> TASK: Here is the task for the records below: repeat exactly the lines from the one with "Apple Watch Series" to the one with "INDIVI（インディヴィ）クロップドパンツ 黒 サイズ:38(M位)", both included, and nothing else.

> DATASET RECORDS:
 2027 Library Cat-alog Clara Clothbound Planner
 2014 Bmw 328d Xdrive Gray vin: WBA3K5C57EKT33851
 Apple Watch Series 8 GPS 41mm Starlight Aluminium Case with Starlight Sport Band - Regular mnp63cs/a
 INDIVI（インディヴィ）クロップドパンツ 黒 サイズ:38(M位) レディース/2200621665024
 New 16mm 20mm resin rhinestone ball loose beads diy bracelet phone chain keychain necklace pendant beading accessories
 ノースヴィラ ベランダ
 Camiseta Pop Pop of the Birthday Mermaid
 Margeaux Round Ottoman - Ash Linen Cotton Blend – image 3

* * *

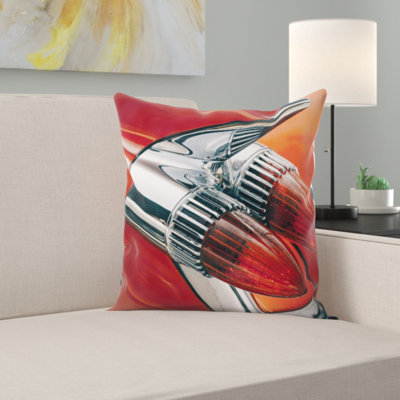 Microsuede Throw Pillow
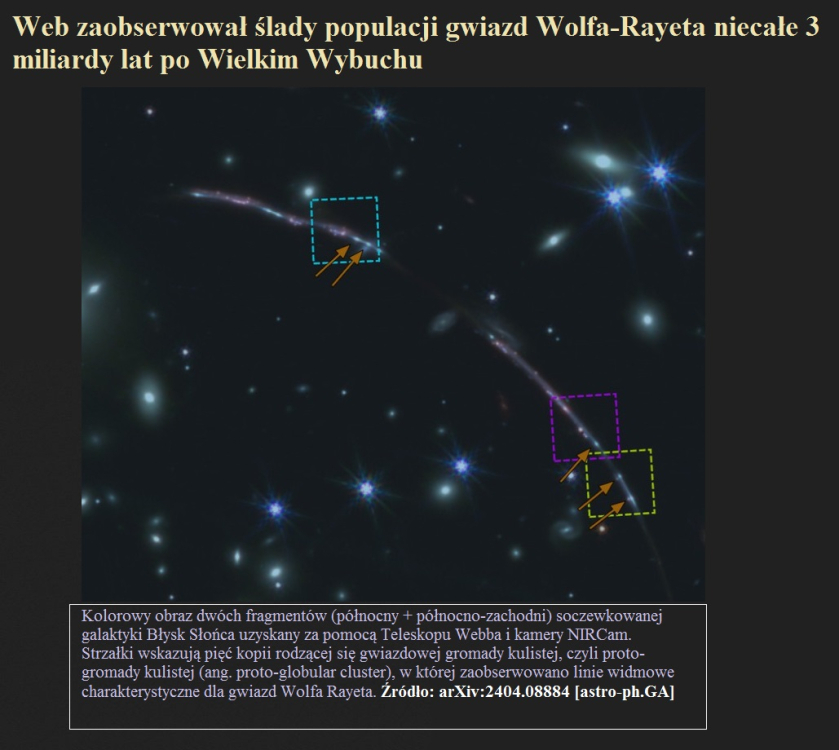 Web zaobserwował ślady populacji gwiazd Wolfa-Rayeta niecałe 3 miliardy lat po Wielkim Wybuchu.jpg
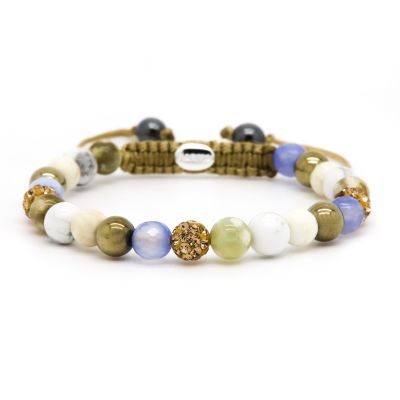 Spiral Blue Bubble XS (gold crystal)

...

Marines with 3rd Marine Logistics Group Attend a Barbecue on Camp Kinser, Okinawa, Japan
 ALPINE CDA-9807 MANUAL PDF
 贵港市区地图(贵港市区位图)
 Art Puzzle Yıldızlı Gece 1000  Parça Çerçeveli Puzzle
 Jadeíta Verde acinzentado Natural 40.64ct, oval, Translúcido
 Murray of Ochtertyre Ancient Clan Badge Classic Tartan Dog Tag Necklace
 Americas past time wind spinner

> EXERCISE RESPONSE:
 Apple Watch Series 8 GPS 41mm Starlight Aluminium Case with Starlight Sport Band - Regular mnp63cs/a
 INDIVI（インディヴィ）クロップドパンツ 黒 サイズ:38(M位) レディース/2200621665024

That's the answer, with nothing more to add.